Now that all the media glory for France’s masked shop-trashing thugs is over, something sad and quiet has happened in the wake of their violent “victory.”
France’s best and brightest are leaving France. One by one, they are leaving their homeland, in search of work, and a better life. They are heading to the savage lands, the lands of capitalism, the places denounced as inhuman, darwinian, American. Places that no French person supposedly would ever want to live.
France’s angry young men who actually believe this, taught well by their Marxist intellectual schoolmasters, rioted late last year to condemn that capitalism and to retain antiquated socialist labor laws, one of which was the right to be lazy.
Burning things, they scuppered Prime Minister Dominique de Villepin’s timid jobs-creation incentive law proposed for the young, which would have allowed the private sector some minimal labor flexibility in the hiring and firing of young people in first two years of work. The idea was to reduce the risk of hiring an untested worker, to ensure a company that if they got a lemon, they wouldn’t be stuck with him or her forever. And someone who wanted to work could be hired instead.
Because right now a job is forever in France.

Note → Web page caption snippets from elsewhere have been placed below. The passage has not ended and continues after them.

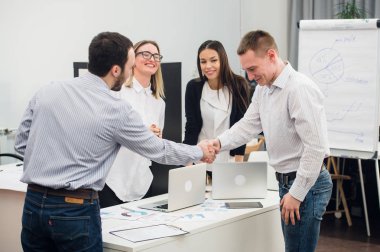 Gemiye hoş geldiniz. İki tanesi ise masada oturan dört iş adamları el sıkışan ve gülümseyen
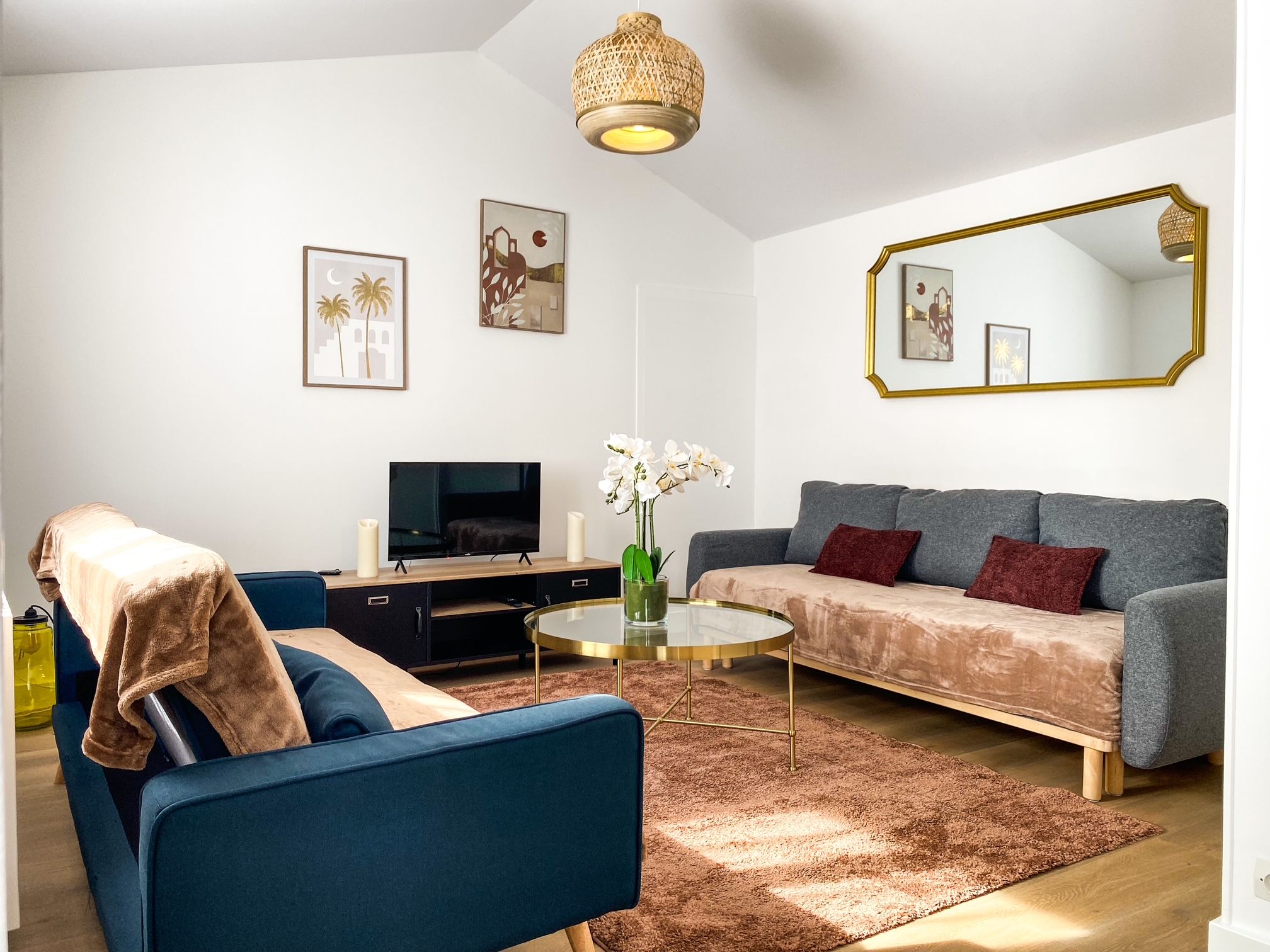 Un salon moderne avec un canapé bleu, un canapé gris, un téléviseur et un grand miroir.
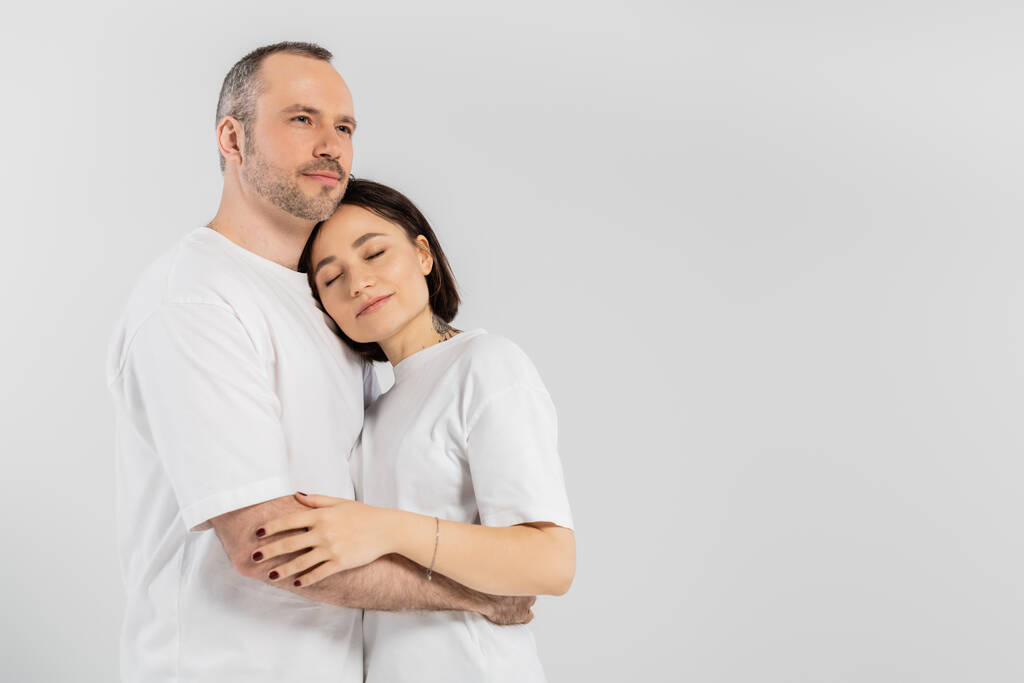 tetovaná žena s krátkými brunetovými vlasy a zavřenýma očima, opírající se o hruď manžela se štětinami, zatímco stojí spolu v bílých tričkách izolovaných na šedém pozadí, šťastný pár  - Fotografie, Obrázek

Believe it or not, if you are a worker in France and you sleep on the job or don’t show up, or decide to abuse customers or talk on the phone with your friends all day long or take a six-hour lunch – your French company can’t get rid of you. Not only that, you have lavish and kingly benefits the day you walk into the office on your first day. You don’t have to earn them by steady work or staying power or moving up on the career ladder, it’s just given to you, in perpetuity. It’s a great deal for you, because you don’t have to put out, but it’s a horrible deal for your employer, who must produce that much more in excess value to subsidize your lack of productivity. In short, jobs are not jobs in France, they are sinecures.
That’s why so few jobs are forming in France.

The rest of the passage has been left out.